I'm guessing that Espresso caused the TransactionTooLargeException when trying to handle a really large exception stacktrace.
Upvotes: 1
Reputation: 361
I faced with the same issue when I tried to send bitmap via Intent and at the same time when it happens I folded the application.
How it described in this article enter link description here it happens when an Activity is in the process of stopping, that means that the Activity was trying to send its saved state Bundles to the system OS for safe keeping for restoration later (after a config change or process death) but that one or more of the Bundles it sent were too large.
I solved it via hack by overriding onSaveInstanceState in my Activity:
@Override
protected void onSaveInstanceState(Bundle outState) {
// super.onSaveInstanceState(outState);
}
and comment call super. It is a dirty hack but it is working perfectly. Bitmap was successfully sent without crashes. Hope this will help someone.
Upvotes: 4
Reputation: 21
Try to use EventBus
or ContentProvider
like solution.
If you are in the same process(normally all your activities would be), try to use EventBus
, cause in process data exchange does NOT need a somewhat buffer, so you do not need to worry about your data is too large. (You can just use method call to pass data indeed, and EventBus hide the ugly things)
Here is the detail:
// one side
startActivity(intentNotTooLarge);
EventBus.getDefault().post(new FooEvent(theHugeData));
// the other side
@Subscribe public void handleData(FooEvent event) { /* get and handle data */ }
If the two sides of Intent are not in the same process, try somewhat ContentProvider
.
See TransactionTooLargeException
The Binder transaction failed because it was too large.
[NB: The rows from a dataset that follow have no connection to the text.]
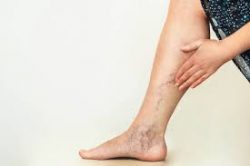 Spider Vein Treatments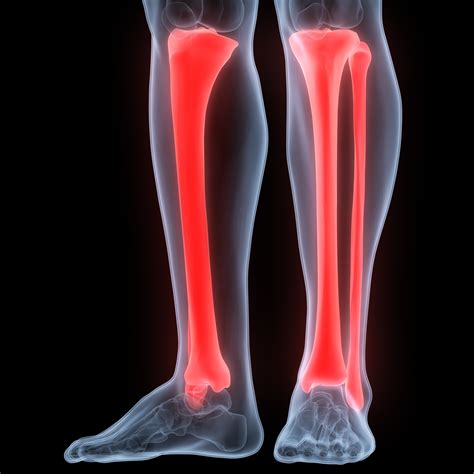 Tibial Fracture after Accident – The Vrana Law Firm Personal Injury Attorneys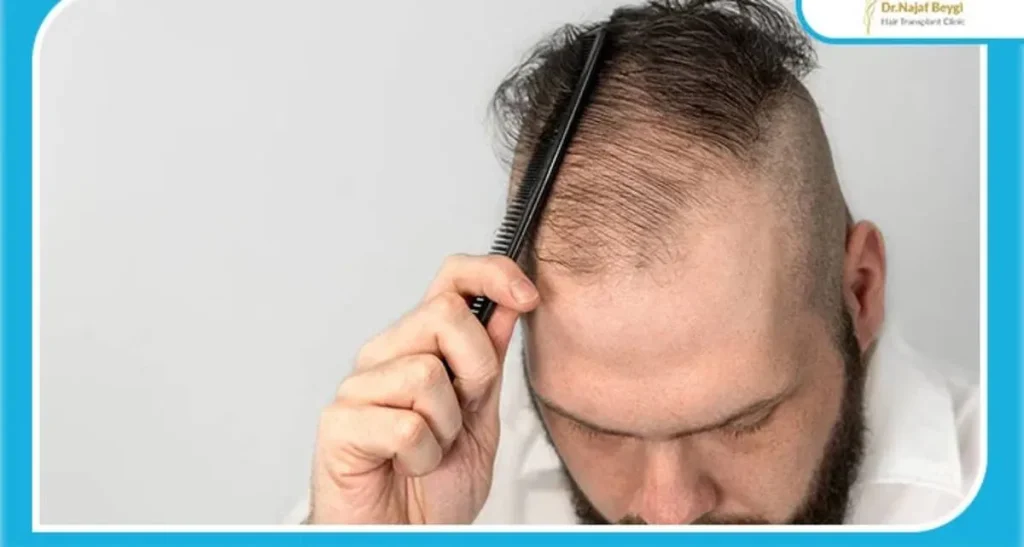 جلوگیری از ریزش موی ناگهانی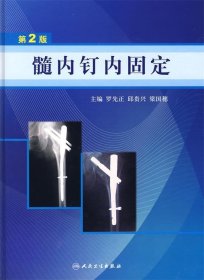 髓内钉内固定（第2版）
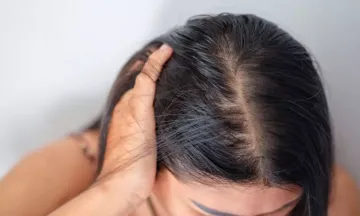 5 reasons behind winter hair fall and how to deal with it  Be Beautiful  India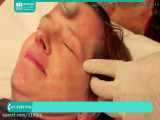 آموزش پاکسازی پوست | پاکسازی صورت ( نحوه استفاده از درمارولر )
During a remote procedure call, the arguments and the return value of the call are transferred as Parcel objects stored in the Binder transaction buffer. If the arguments or the return value are too large to fit in the transaction buffer, then the call will fail and TransactionTooLargeException will be thrown.
Upvotes: 1
Reputation: 5354
If you need to investigate which Parcel is causing your crash, you should consider trying TooLargeTool.
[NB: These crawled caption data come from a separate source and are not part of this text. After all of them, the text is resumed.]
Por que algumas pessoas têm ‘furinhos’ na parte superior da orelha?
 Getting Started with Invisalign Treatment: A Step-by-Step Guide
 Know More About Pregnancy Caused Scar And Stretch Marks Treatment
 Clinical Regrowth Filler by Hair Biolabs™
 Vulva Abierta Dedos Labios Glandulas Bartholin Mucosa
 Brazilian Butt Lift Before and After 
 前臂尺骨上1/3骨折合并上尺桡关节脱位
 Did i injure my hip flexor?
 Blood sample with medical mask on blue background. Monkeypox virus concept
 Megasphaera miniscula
(I found this as a comment from @Max Spencer under the accepted answer and it was helpful in my case.)
Upvotes: 94
Reputation: 96
This one line of code in writeToParcel(Parcel dest, int flags) method helped me to get rid of TransactionTooLargeException.
dest=Parcel.obtain();
After this code only i am writing all data to the parcel object i.e dest.writeInt() etc.